La ricerca di MSCI, in particolare, suggerisce che le società dei mercati emergenti sono in una situazione di svantaggio perché non riescono a soddisfare i criteri “non causare danni significativi” (DNSH) della SFDR dell’UE, rendendole non idonee per molti portafogli di investitori. I fondi dell’UE con un obiettivo di sostenibilità (fondi articolo 9), infatti, devono considerare gli indicatori del “principale impatto negativo” (PAI), come prescritto dalla SFDR secondo il principio di “non arrecare danni significativi”.
Quando MSCI ha esaminato i dati disponibili sui PAI, ha riscontrato che le differenze più evidenti tra gli emittenti dei mercati in via di sviluppo ed emergenti, in tutti i settori, riguardavano gli indicatori sociali (PAI 11 e 13).
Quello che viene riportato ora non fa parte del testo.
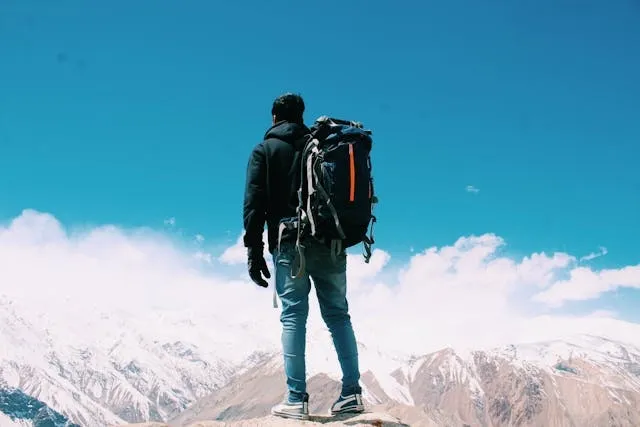 a man standing on top of a mountain for how to wash a backpack a man standing on top of a mountain for how to wash a backpack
In entrambi i casi, gli emittenti dei mercati emergenti hanno fallito molto più spesso dei loro omologhi dei mercati sviluppati. Tuttavia, gli emittenti dei mercati emergenti tendono a restare indietro anche rispetto agli indicatori legati al carbonio e all’energia (PAI 2, 3 e 6).
Le società dei mercati emergenti potrebbero avere più difficoltà a soddisfare i criteri dei PAI rispetto alle loro concorrenti dei mercati sviluppati
Una conseguenza del mancato rispetto dei criteri DNSH da parte delle società dei mercati emergenti è che diventano di fatto non idonee per i portafogli di molti investitori. I settori chiave verso una transizione a zero emissioni, come i servizi di pubblica utilità, sono particolarmente svantaggiati rispetto ai loro concorrenti dei mercati sviluppati. “Per i mercati che hanno un disperato bisogno di capitale di transizione, questo sarebbe un duro colpo”, afferma il rapporto MSCI.